### What to do
Please print nothing but the lines from the one containing "Scala: The Multi-Paradigm" to the final line below, exactly, and no pictures.

### Source information
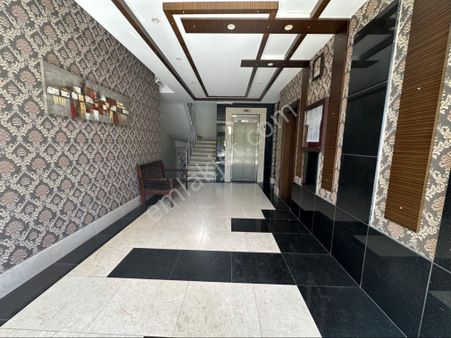 Otoban Giriş Çıkışı Yanında Ultra Lüx Kapalı Mutfak 3+1 Satılık Daire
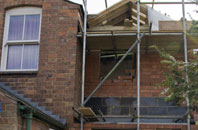 free Martock home extension quotes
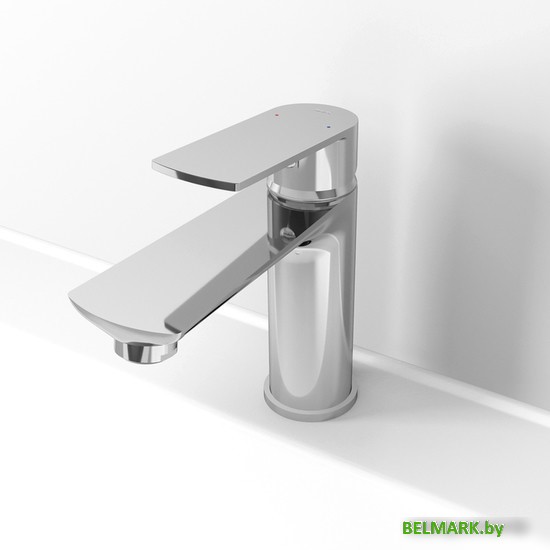 Смеситель IDDIS Plank PLASB00i01 - фото2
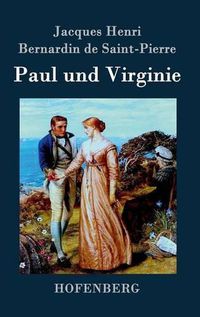 Cover image for Paul und Virginie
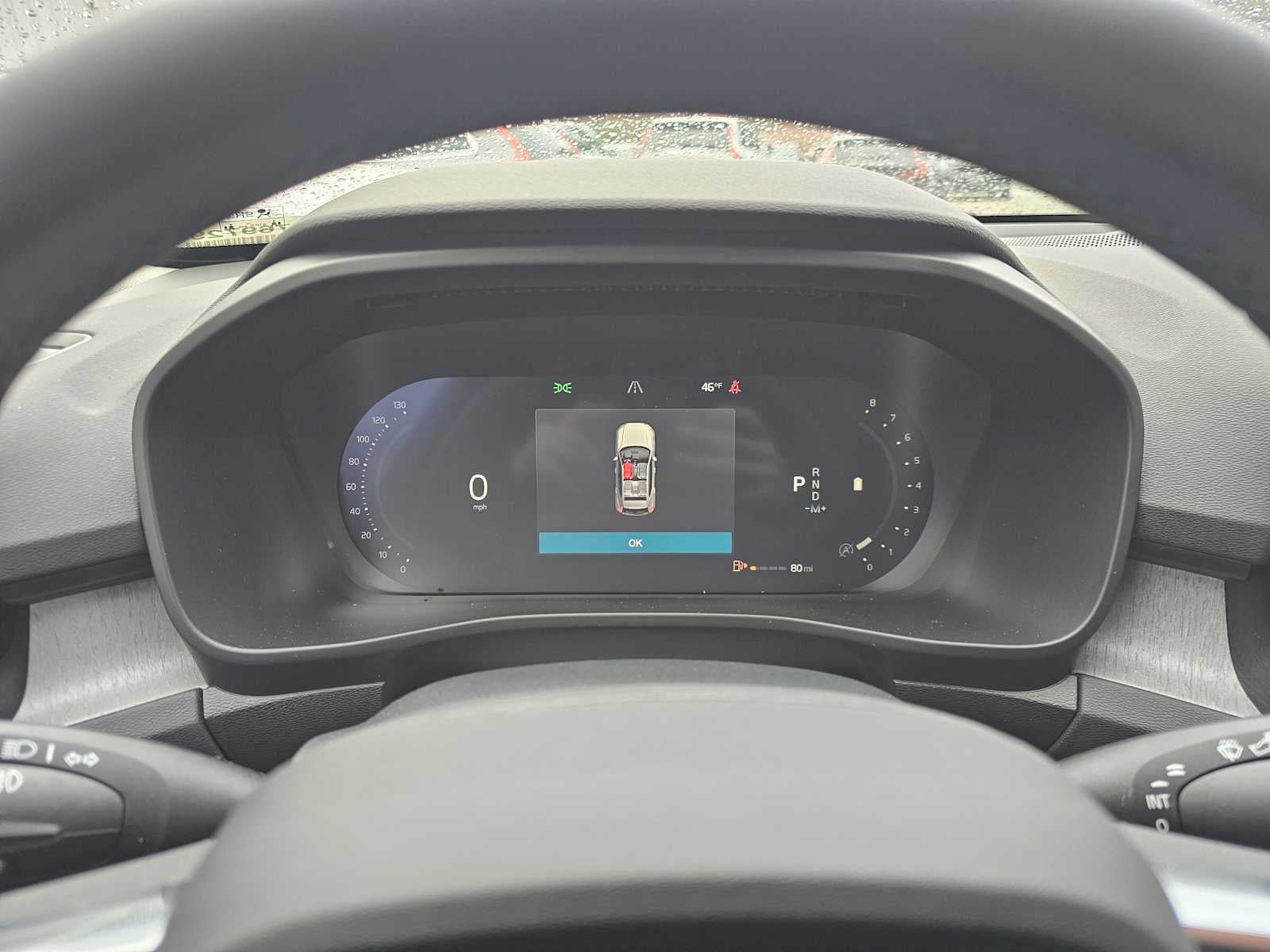 2026 Volvo XC40 Ultra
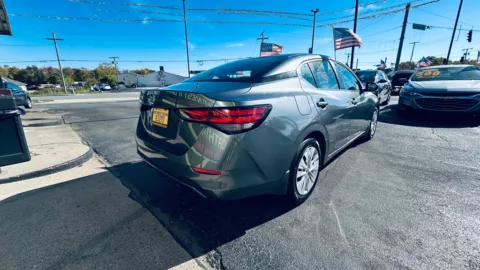 More photos of 2023 NISSAN SENTRA S at NWI AUTO FINANCE Valparaiso, IN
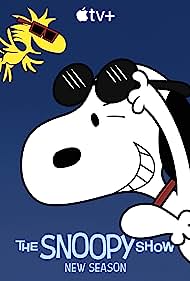 مسلسل The Snoopy Show الموسم الثالث حلقة 2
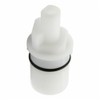 LEFITPA Replacement 3Z-6H/C Brass Cold Stem for Danco 17312B for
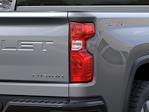 New 2026 Chevrolet Silverado 2500 Custom Crew Cab 4WD Pickup for sale #CK6128 - photo 11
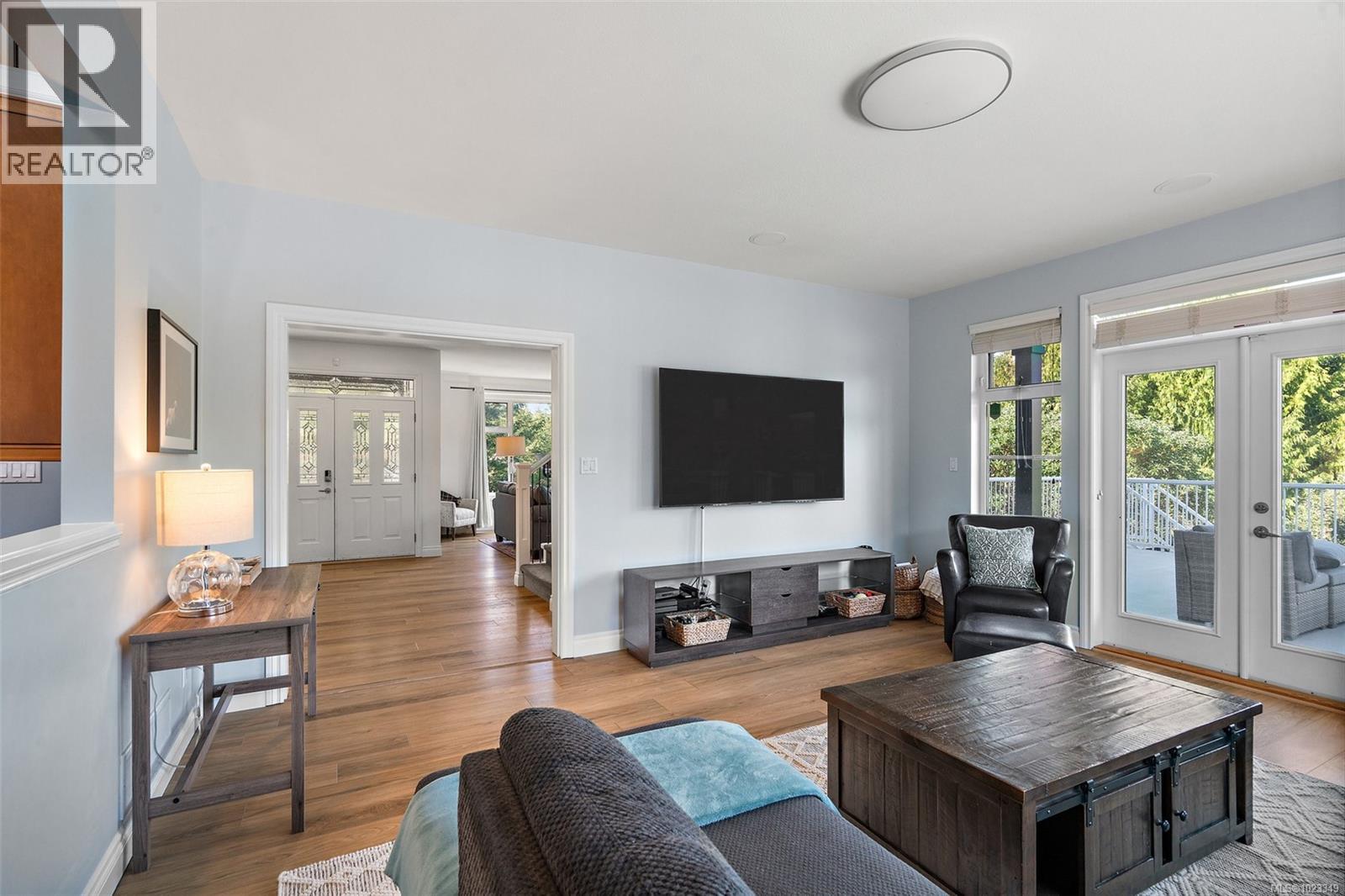  3965 Hi-Mount Drive, Metchosin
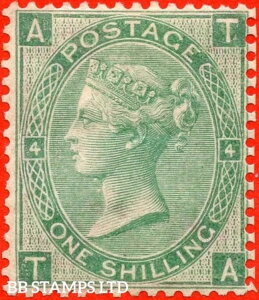 SG. 100. J103. uTAvB1/- [΁Bv[g4Bz̐Vi B78733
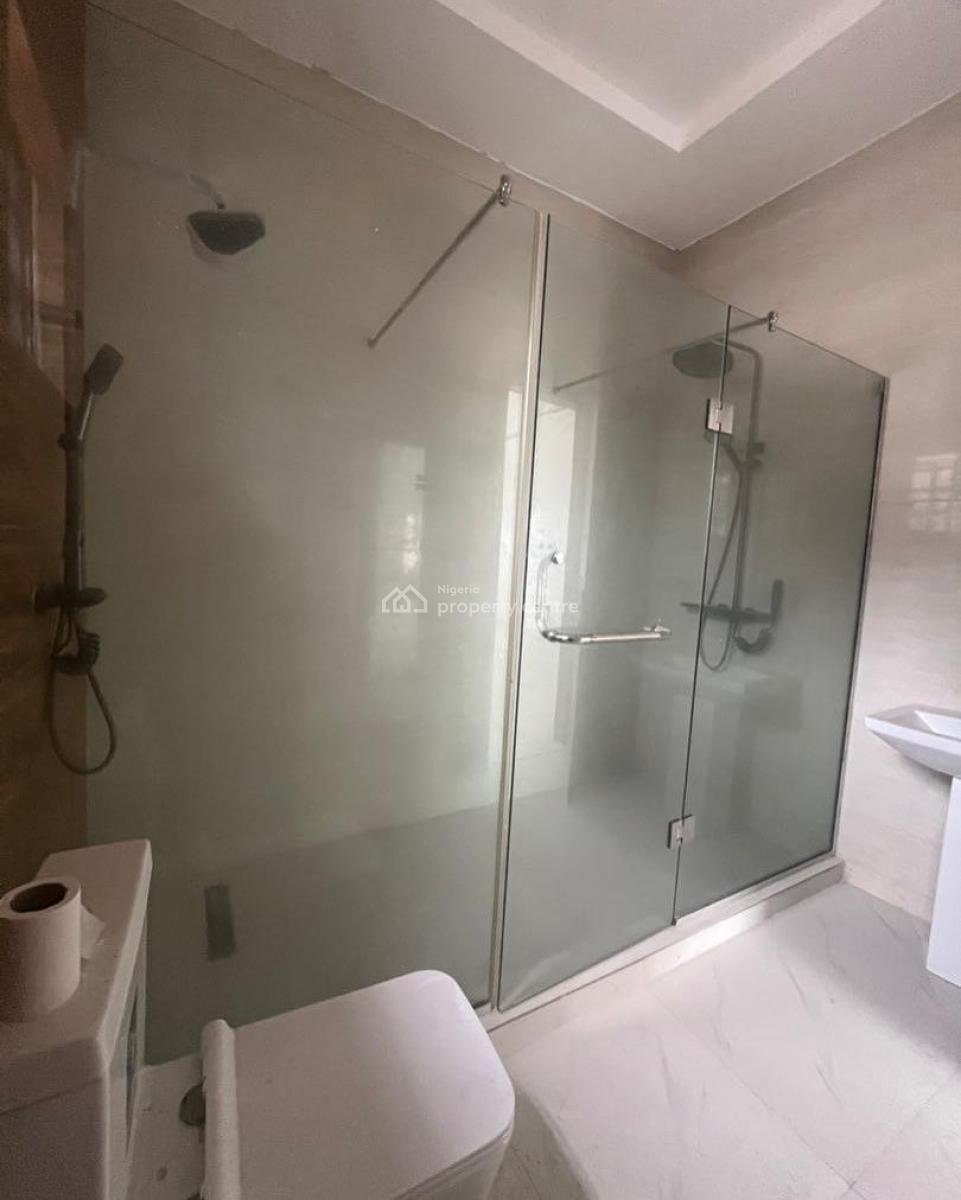 Stunning 4 Bedroom Semi Detached Duplex with Bq, Ologolo, Ologolo, Lekki, Lagos, Semi-detached Duplex for Sale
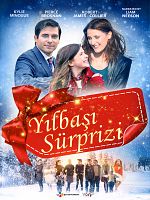 Yılbaşı Sürprizi posteri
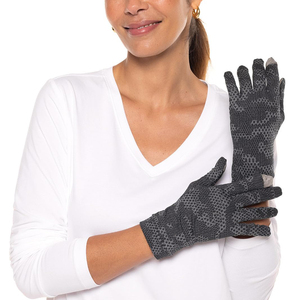 Guantes Deportivos de Invierno para Correr – Guantes Térmicos Ligeros con Puntas de Dedos Táctiles, Protección Contra el Viento y Agarre Seguro - Product Image 4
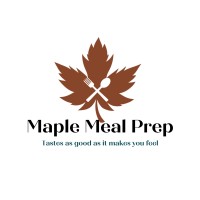 Maple Meal Prep logo - Similar company to Oak Performance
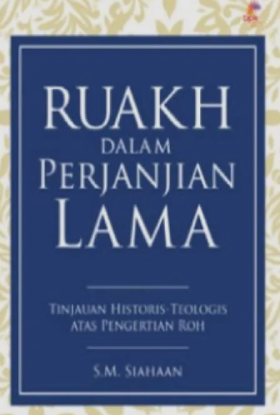 Ruakh dalam PL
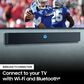 Samsung 65" Class The Terrace Outdoor QLED 4K HDR - Smart TV with 3.0 Channel Soundbar, , large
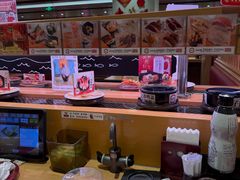 -寿司郎(皇庭广场店)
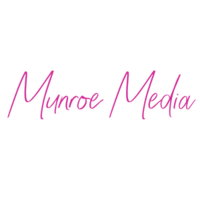 Munroe Media logo, Munroe Media contact details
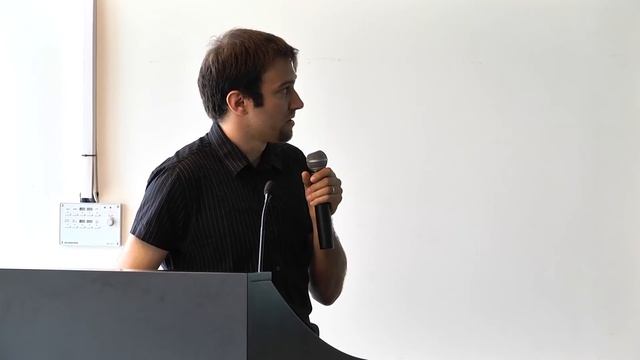 Scala: The Multi-Paradigm Language for the Multi-Core Age смотреть онлайн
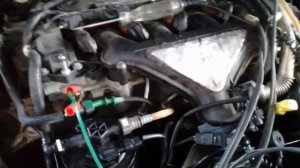 Генератор перегревается. Ford kuga.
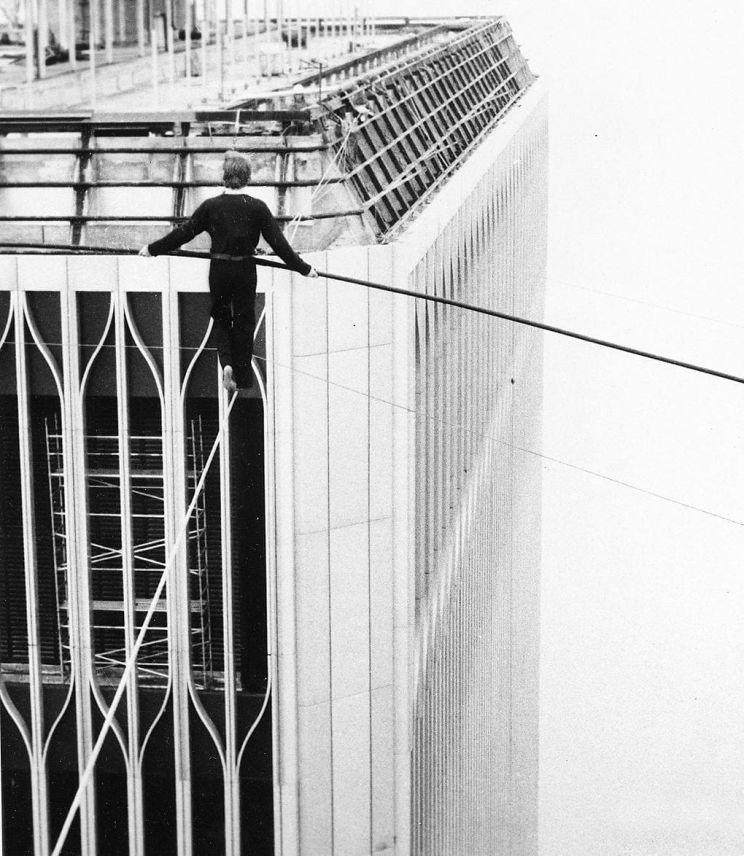 Philippe Petit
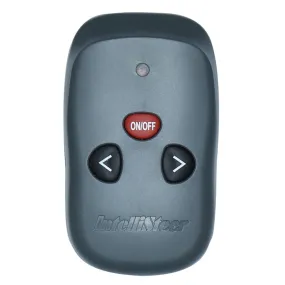 Intellisteer Wireless Remote [INTREMOTE]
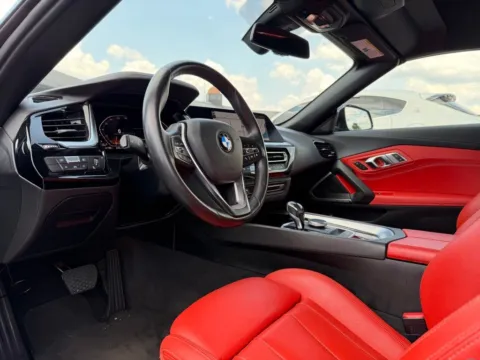 Photos of 2020 BMW Z4 sDrive30i for sale in Indianapolis, IN at AutoGiant USA Indianapolis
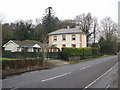 Acorn Nursery, Almah House, Newport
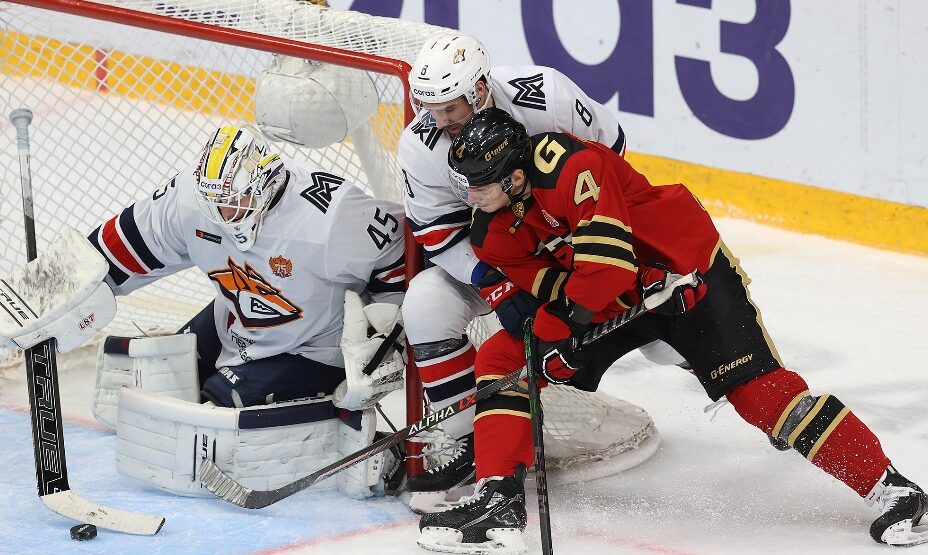 Авангард Металлург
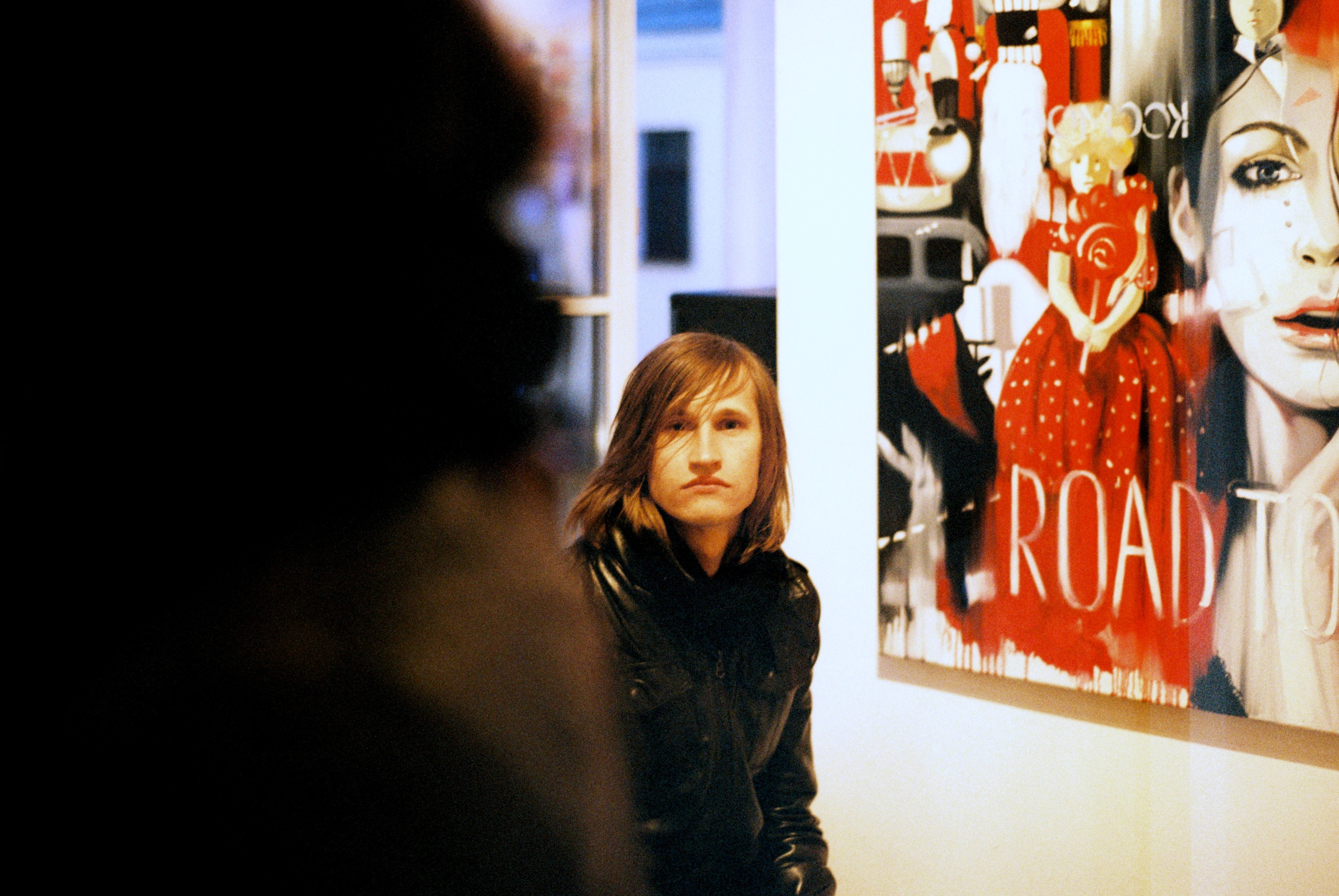 Film. Ruslan UI Dev Page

### Solution to this task
 Scala: The Multi-Paradigm Language for the Multi-Core Age смотреть онлайн
 Генератор перегревается. Ford kuga.
 Philippe Petit
 Intellisteer Wireless Remote [INTREMOTE]
 Photos of 2020 BMW Z4 sDrive30i for sale in Indianapolis, IN at AutoGiant USA Indianapolis
 Acorn Nursery, Almah House, Newport
 Авангард Металлург
 Film. Ruslan UI Dev Page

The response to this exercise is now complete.